[Saved entries]
--------------------------------

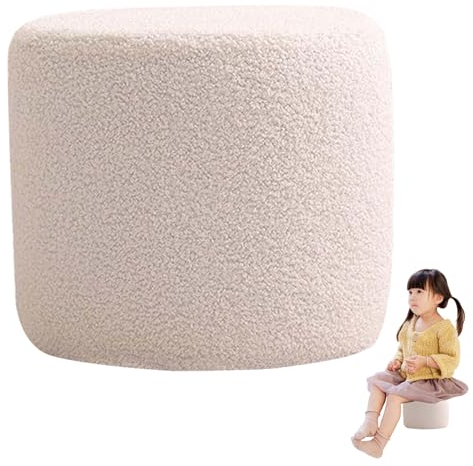 Dorccsi Ottoman-hocker Pouf-Stuhl Ottoman-hocker Hohe Kleine Poufs Für Das Wohnzimmer Robuster Und Bequemer Gepolsterter Sitz Fußhocker-Rest Belastbar Bis Zu 150 Kg 7,5 Zoll Für Büro Eingangsbereich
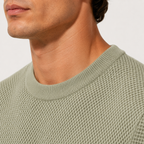 Textured Knit Crewneck Tee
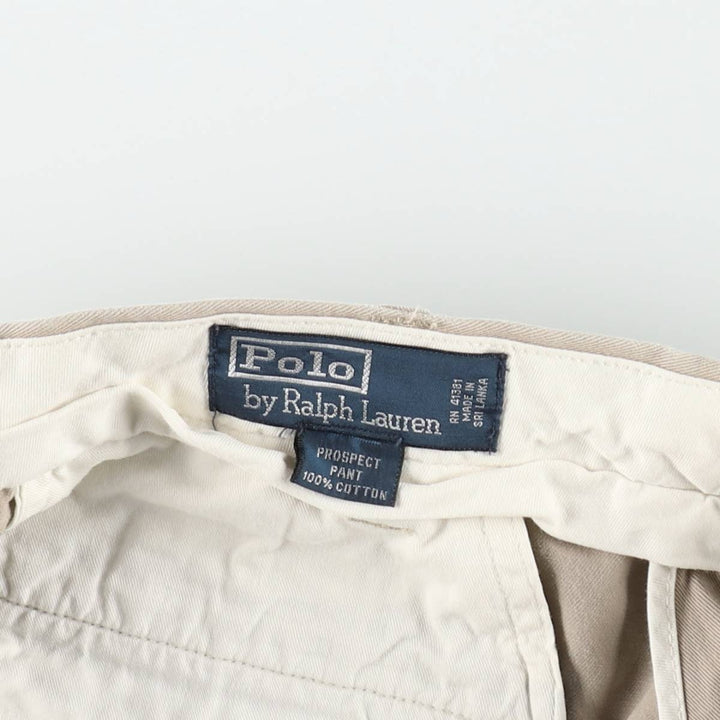 Ralph Lauren POLO by Ralph Lauren PROSPECT PANT Chino pants for men, equivalent to w35 cotton Beige type Vintage Second Hand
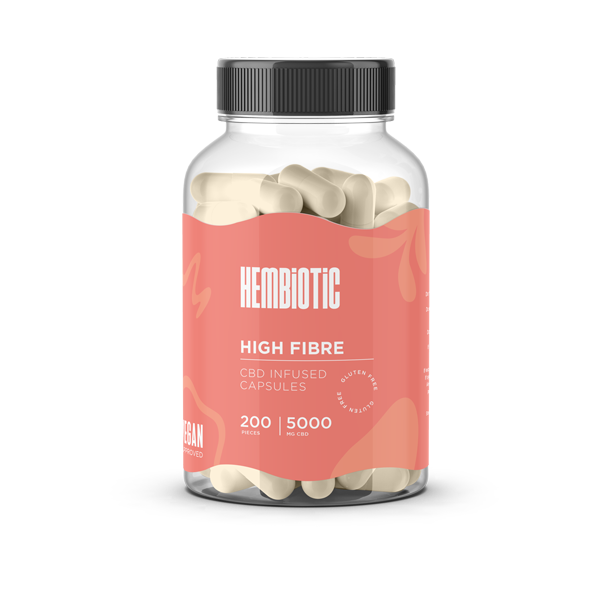 Hembiotic 5000mg Bulk Functional CBD Capsules - 200 Caps | The CBD Hut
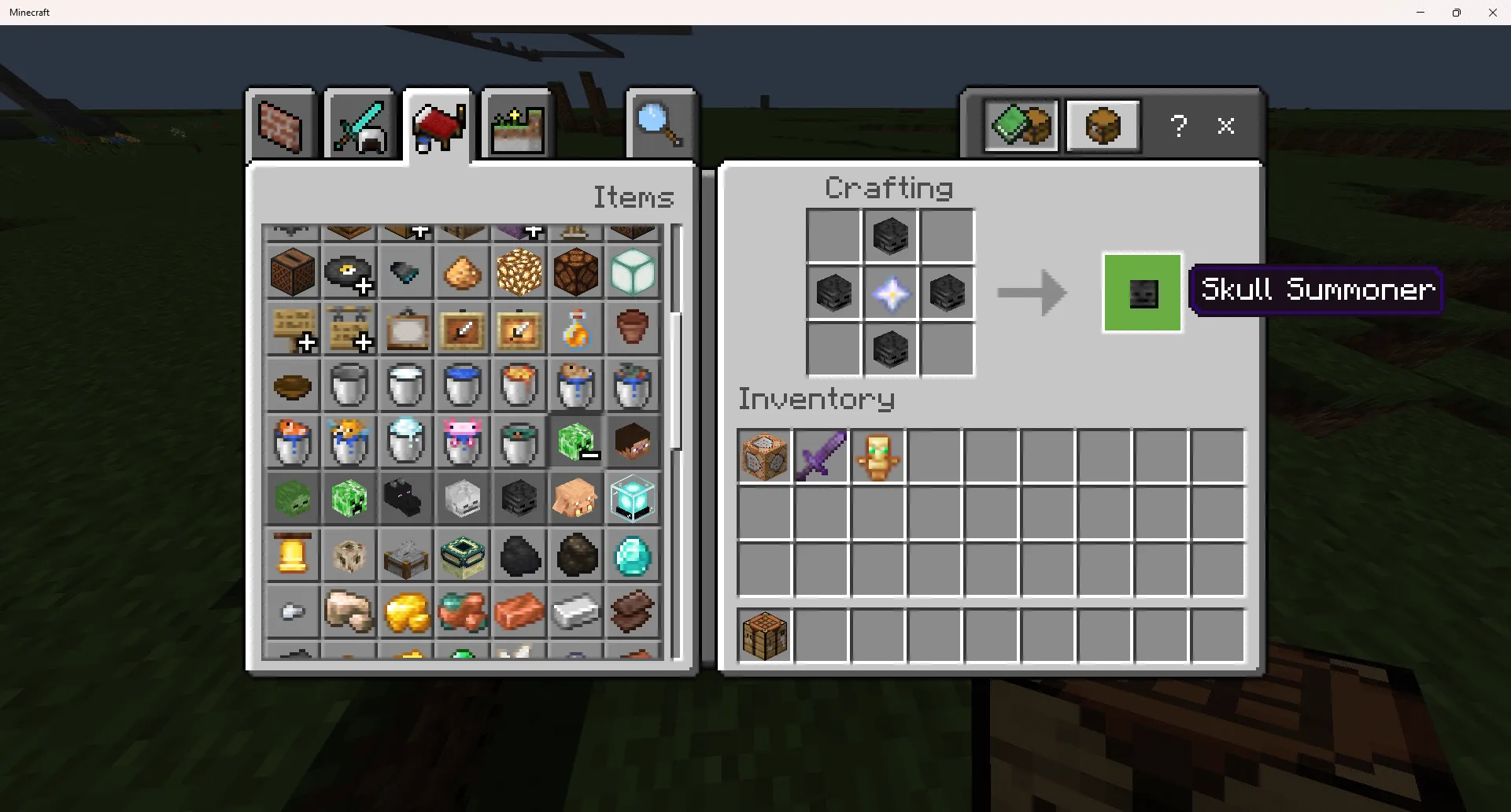 Крафта стрелка черепами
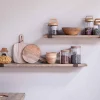 Home Office|Hallway & Bootroom^Nkuku Ibo Reclaimed Wood & Iron Shelf - Natural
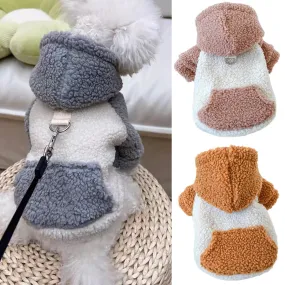 Berber Fleece Pet Hoodie for Dog and Cat
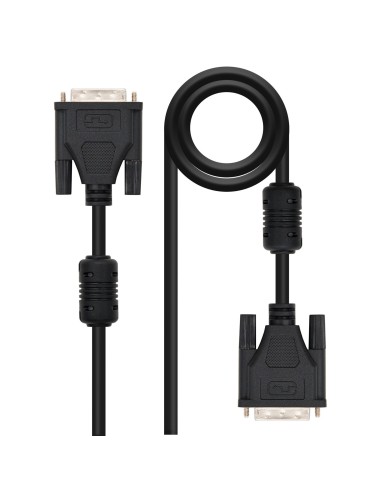Nanocable 10.15.0602 cable DVI 1,8 m Negro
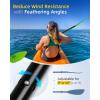 OCEANBROAD Kayak Paddle 86in/218cm, 90.5in/230cm Alloy Shaft 2-Piece Floatable Kayak Oar for Kayaking Canoeing Boating(Green Bubbles)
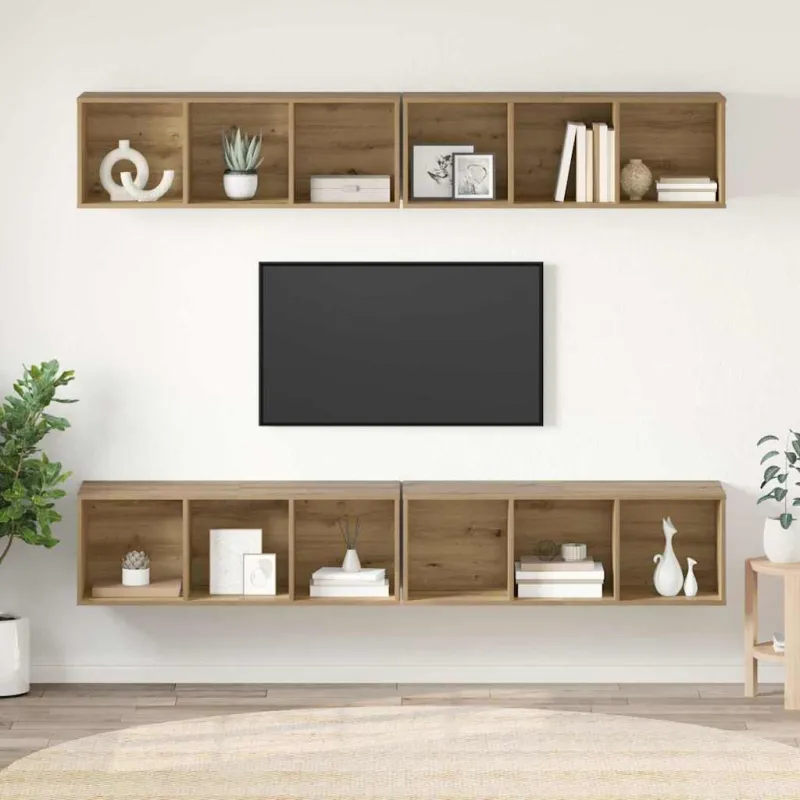 TV spintelių komplektas 4 pcs Amatininkų ąžuolas
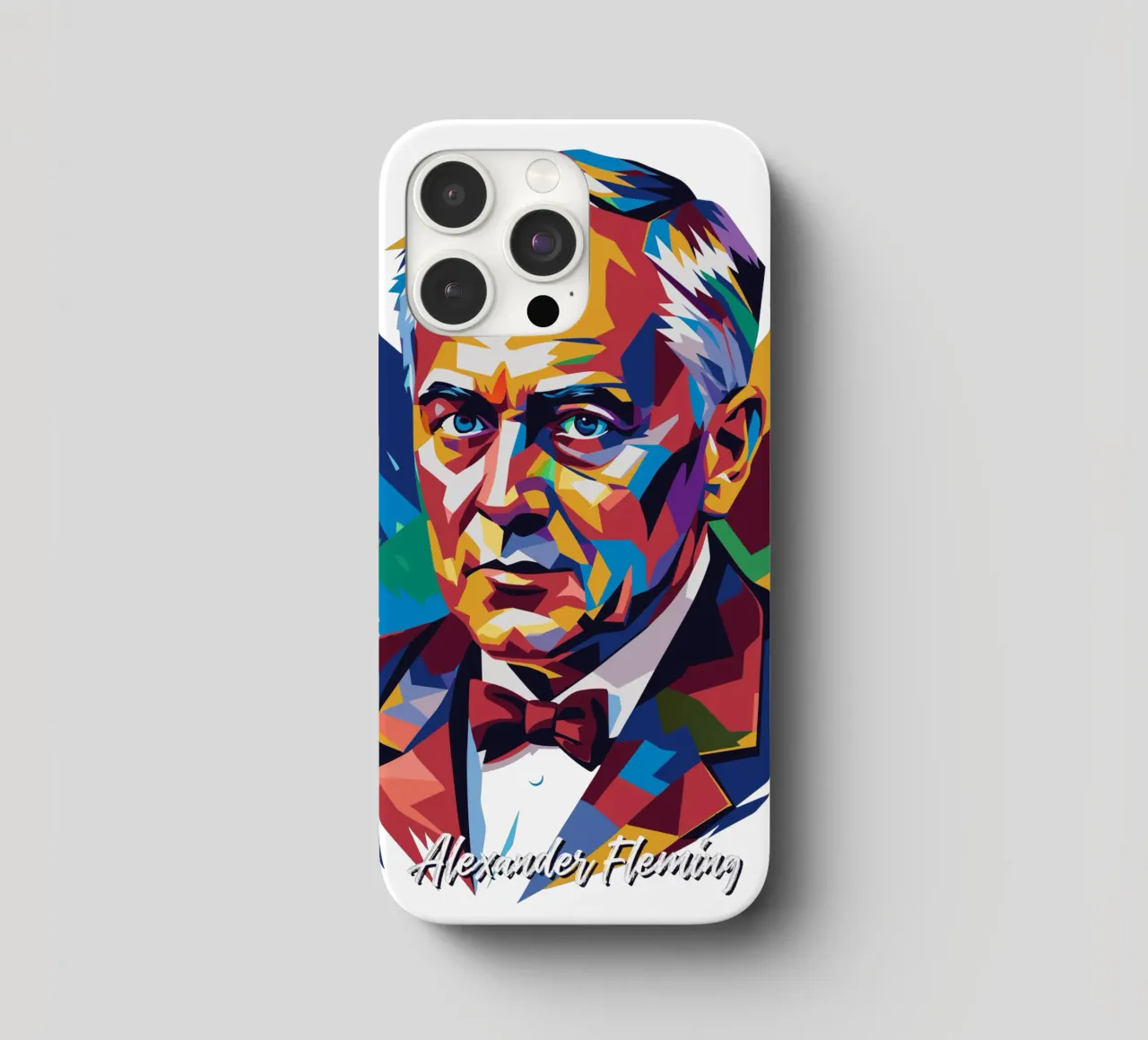 Alexander Fleming WPAP Pop Art cover iphone da vectorartnesia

--------------------------------

What this task involves:
Up to and including the line containing "Крафта стрелка черепами", quote each line of the entries above from the very first, please, exactly and without images.

Solution to the exercise:
 Dorccsi Ottoman-hocker Pouf-Stuhl Ottoman-hocker Hohe Kleine Poufs Für Das Wohnzimmer Robuster Und Bequemer Gepolsterter Sitz Fußhocker-Rest Belastbar Bis Zu 150 Kg 7,5 Zoll Für Büro Eingangsbereich
 Textured Knit Crewneck Tee
 Ralph Lauren POLO by Ralph Lauren PROSPECT PANT Chino pants for men, equivalent to w35 cotton Beige type Vintage Second Hand
 Hembiotic 5000mg Bulk Functional CBD Capsules - 200 Caps | The CBD Hut
 Крафта стрелка черепами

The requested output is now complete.